___ Given entries ___

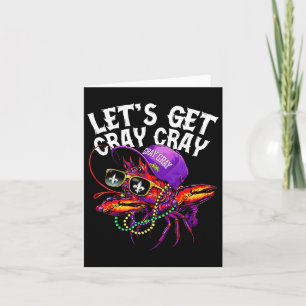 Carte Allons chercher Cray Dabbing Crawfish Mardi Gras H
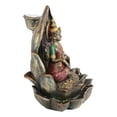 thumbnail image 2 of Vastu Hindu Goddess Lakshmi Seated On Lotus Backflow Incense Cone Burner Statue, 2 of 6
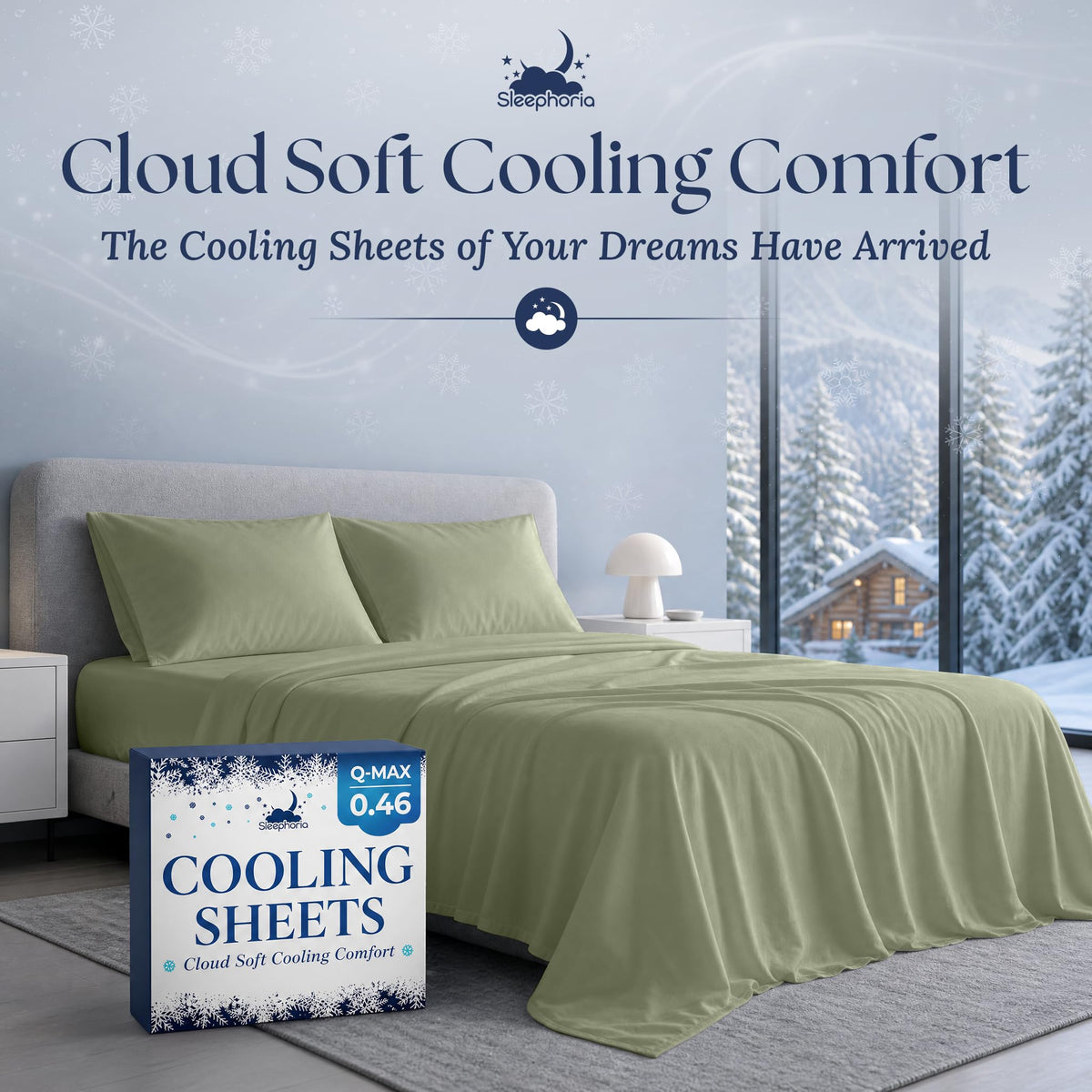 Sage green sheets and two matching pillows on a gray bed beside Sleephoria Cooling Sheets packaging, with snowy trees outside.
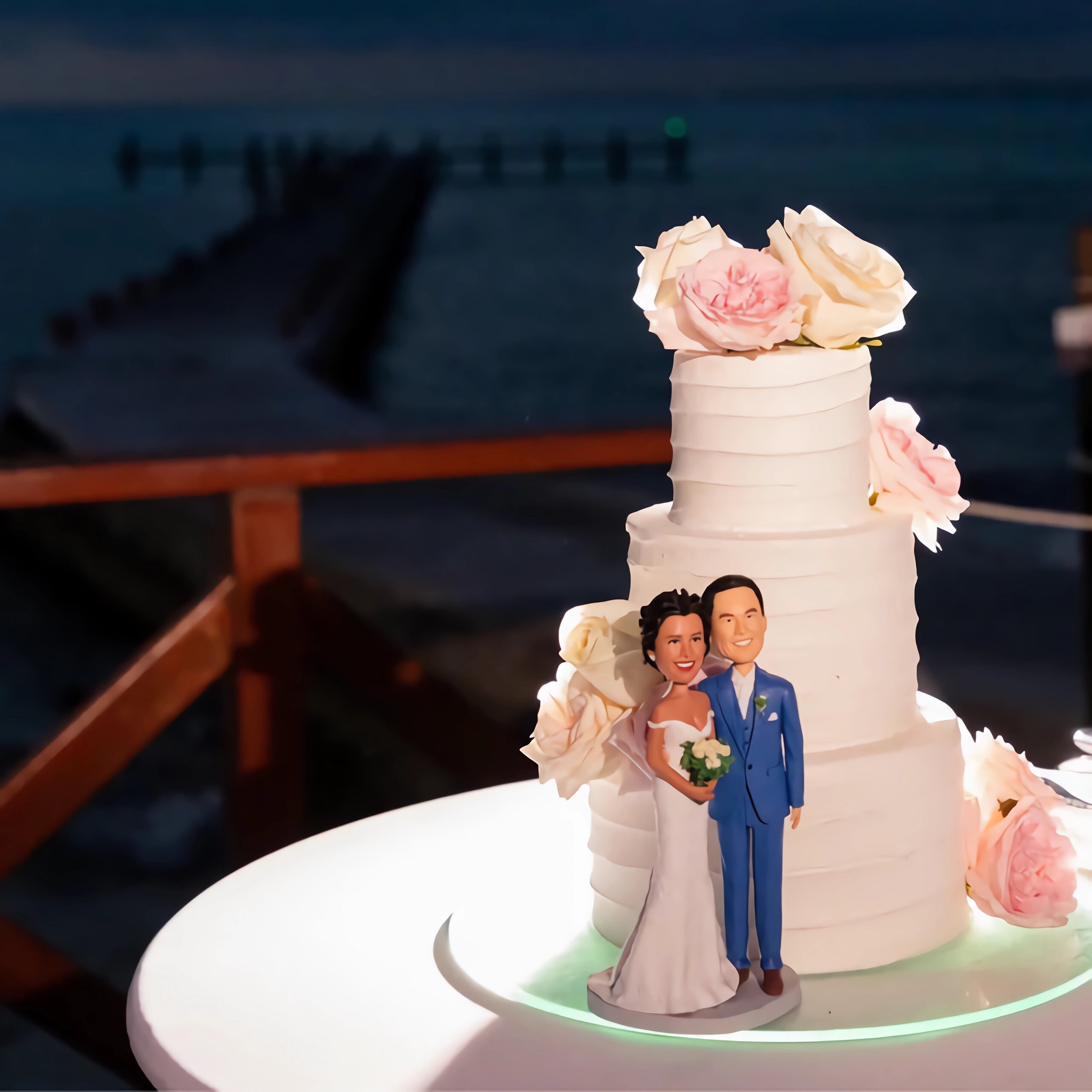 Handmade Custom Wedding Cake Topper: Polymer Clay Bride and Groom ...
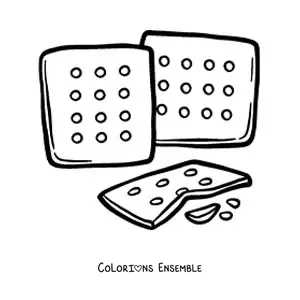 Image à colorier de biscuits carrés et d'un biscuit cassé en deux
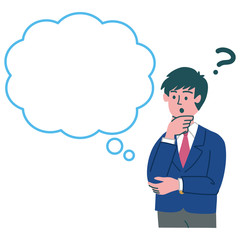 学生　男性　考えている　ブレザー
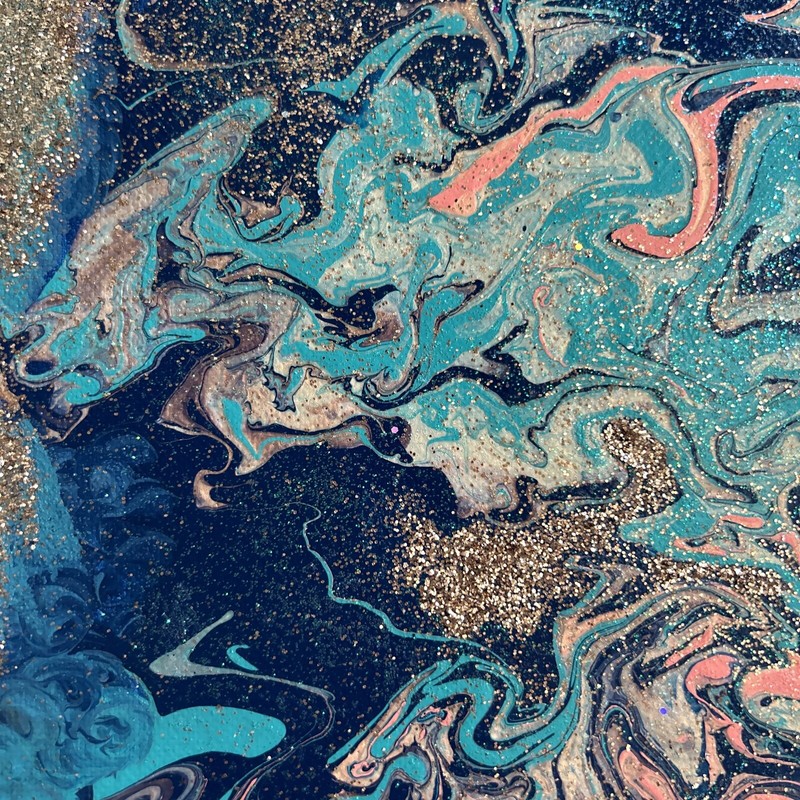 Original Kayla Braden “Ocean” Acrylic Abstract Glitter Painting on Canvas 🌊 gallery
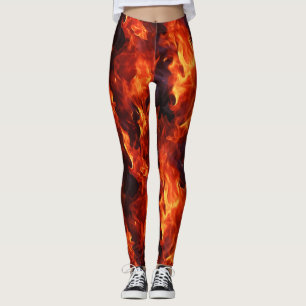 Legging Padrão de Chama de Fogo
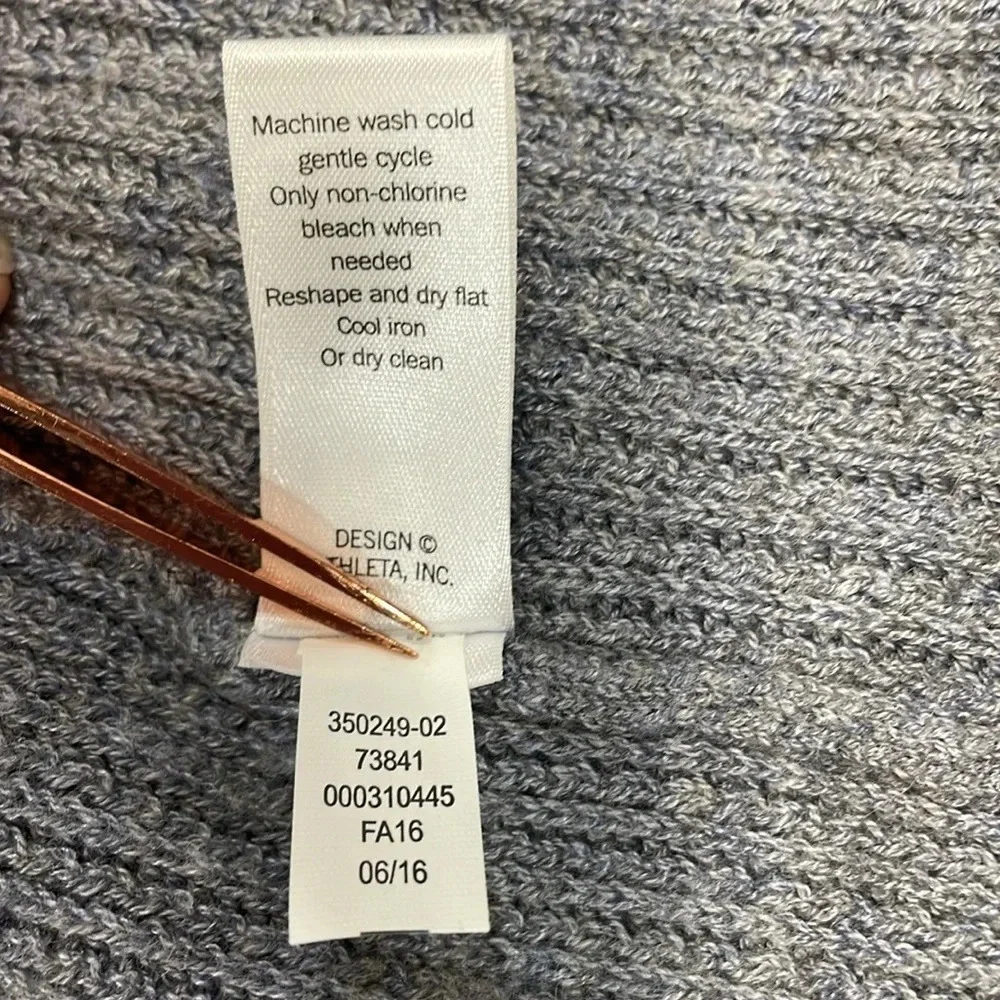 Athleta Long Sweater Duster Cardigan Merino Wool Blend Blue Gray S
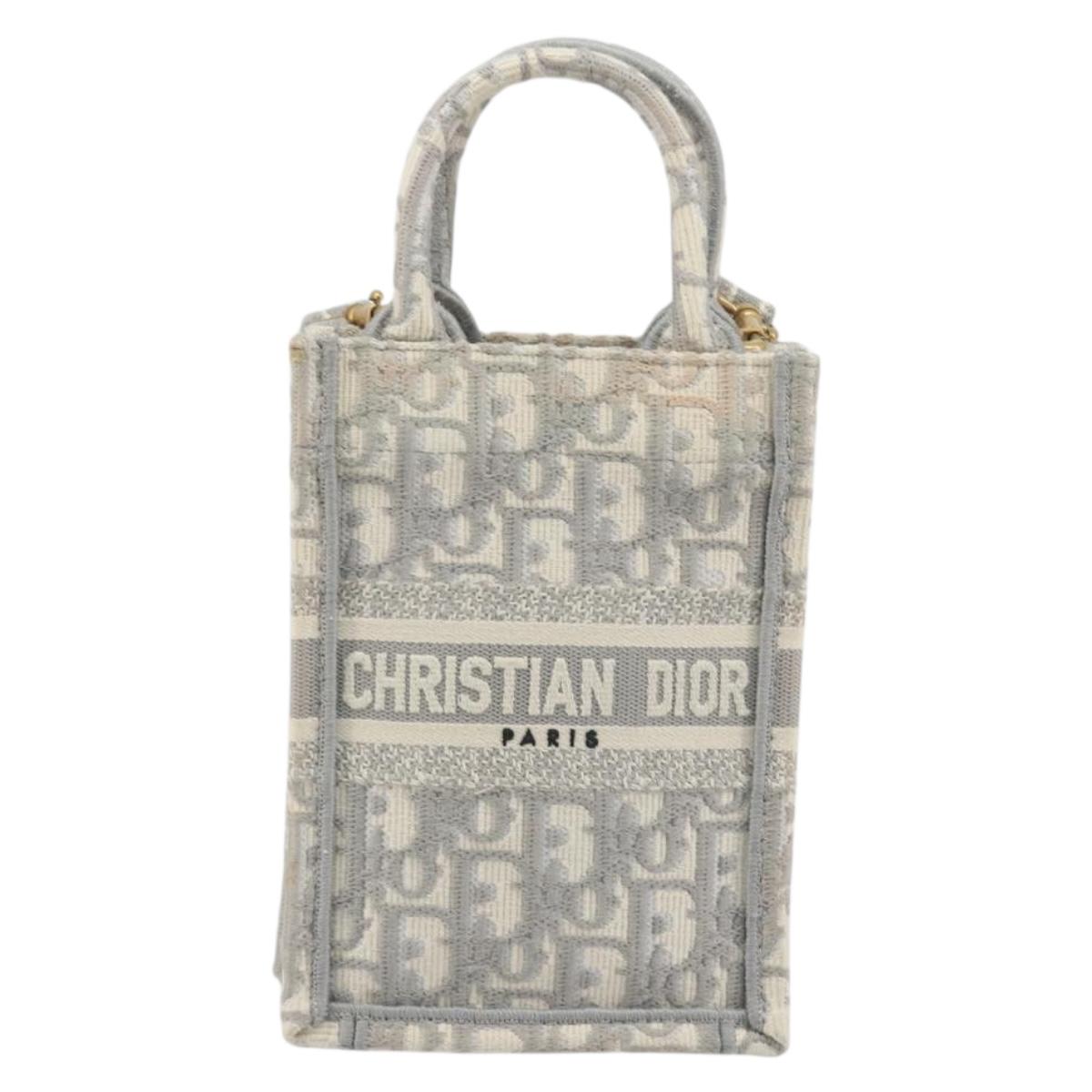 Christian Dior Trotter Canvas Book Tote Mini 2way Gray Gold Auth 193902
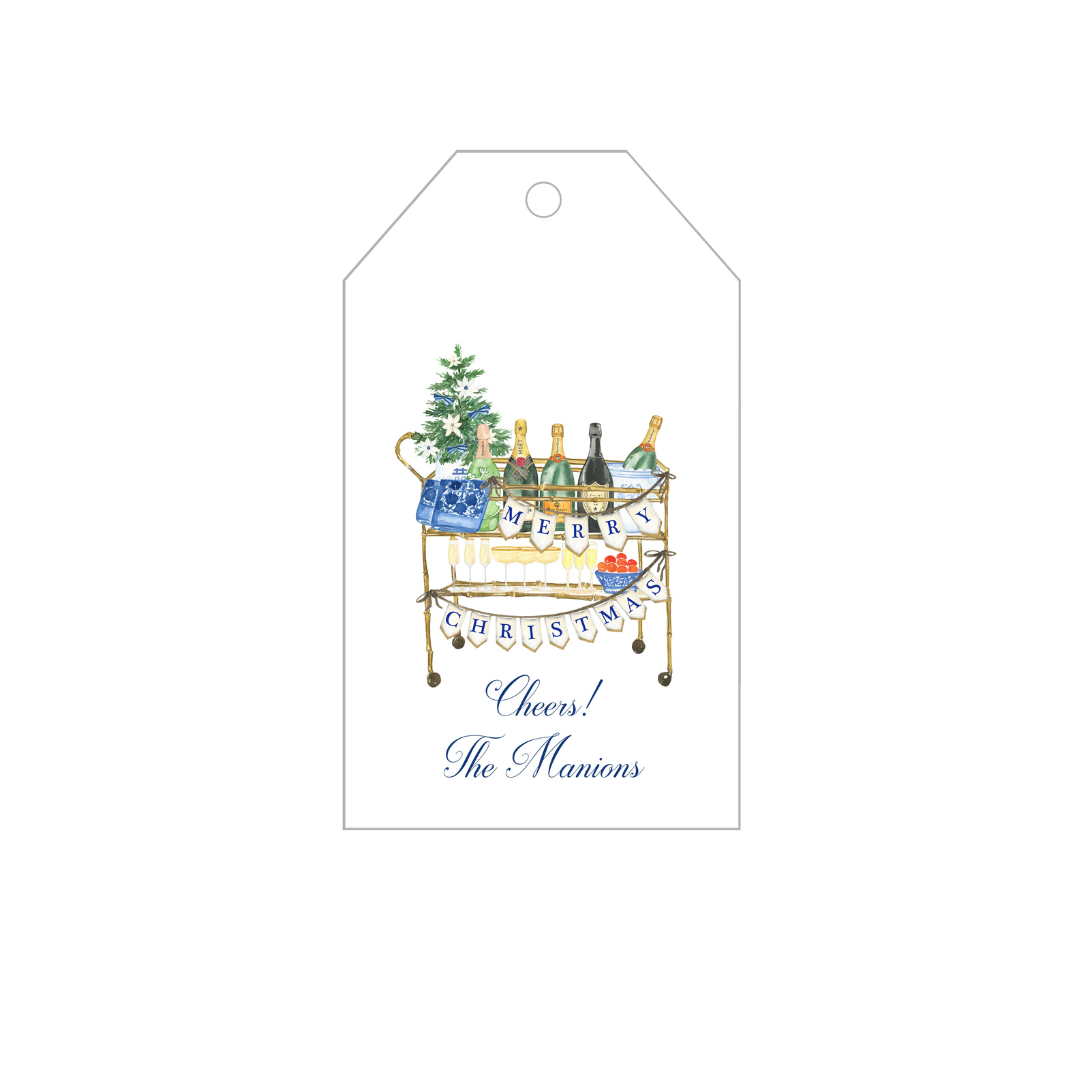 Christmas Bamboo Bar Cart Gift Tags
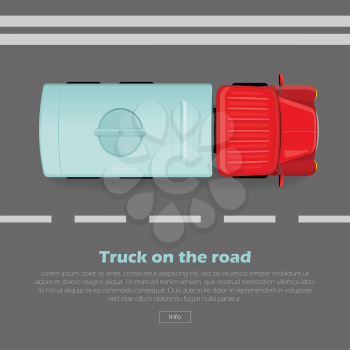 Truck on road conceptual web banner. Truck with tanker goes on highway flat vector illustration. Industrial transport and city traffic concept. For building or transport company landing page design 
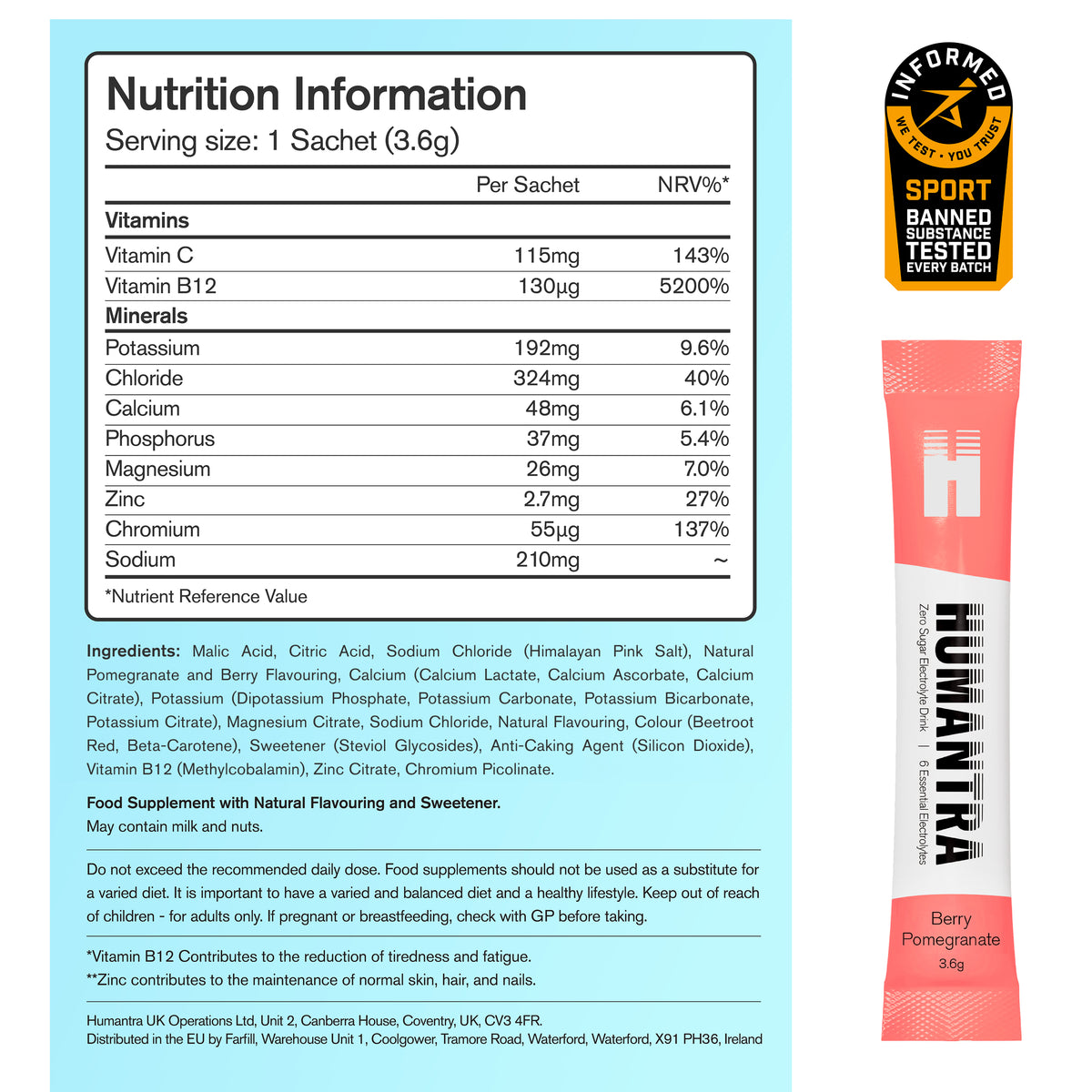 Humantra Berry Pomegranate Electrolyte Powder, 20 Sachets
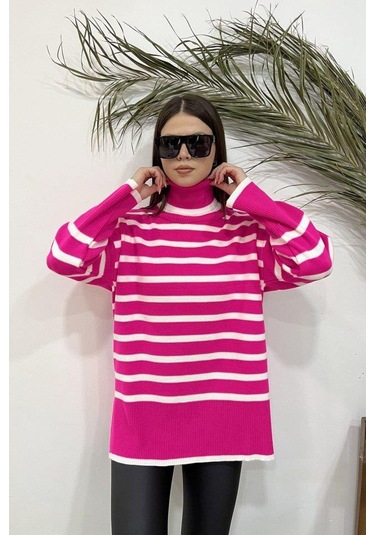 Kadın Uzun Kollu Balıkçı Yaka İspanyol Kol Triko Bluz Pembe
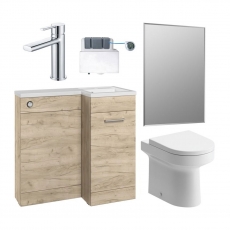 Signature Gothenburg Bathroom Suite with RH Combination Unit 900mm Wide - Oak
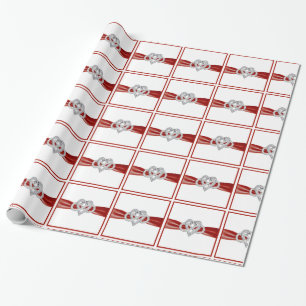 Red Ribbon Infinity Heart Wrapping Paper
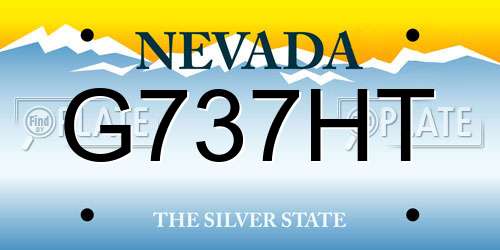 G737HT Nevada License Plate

___

### What to work on
If the records contain pictures, skip them, and transcribe exactly every line from the one with "Sage green sheets" through the last line.

### Exercise output
 Sage green sheets and two matching pillows on a gray bed beside Sleephoria Cooling Sheets packaging, with snowy trees outside.
 Handmade Custom Wedding Cake Topper: Polymer Clay Bride and Groom ...
 Image à colorier de biscuits carrés et d'un biscuit cassé en deux
 学生　男性　考えている　ブレザー
 Original Kayla Braden “Ocean” Acrylic Abstract Glitter Painting on Canvas 🌊 gallery
 Legging Padrão de Chama de Fogo
 Athleta Long Sweater Duster Cardigan Merino Wool Blend Blue Gray S
 Christian Dior Trotter Canvas Book Tote Mini 2way Gray Gold Auth 193902
 Christmas Bamboo Bar Cart Gift Tags
 Truck on road conceptual web banner. Truck with tanker goes on highway flat vector illustration. Industrial transport and city traffic concept. For building or transport company landing page design 
 Humantra Berry Pomegranate Electrolyte Powder, 20 Sachets
 Kadın Uzun Kollu Balıkçı Yaka İspanyol Kol Triko Bluz Pembe
 Signature Gothenburg Bathroom Suite with RH Combination Unit 900mm Wide - Oak
 Red Ribbon Infinity Heart Wrapping Paper
 G737HT Nevada License Plate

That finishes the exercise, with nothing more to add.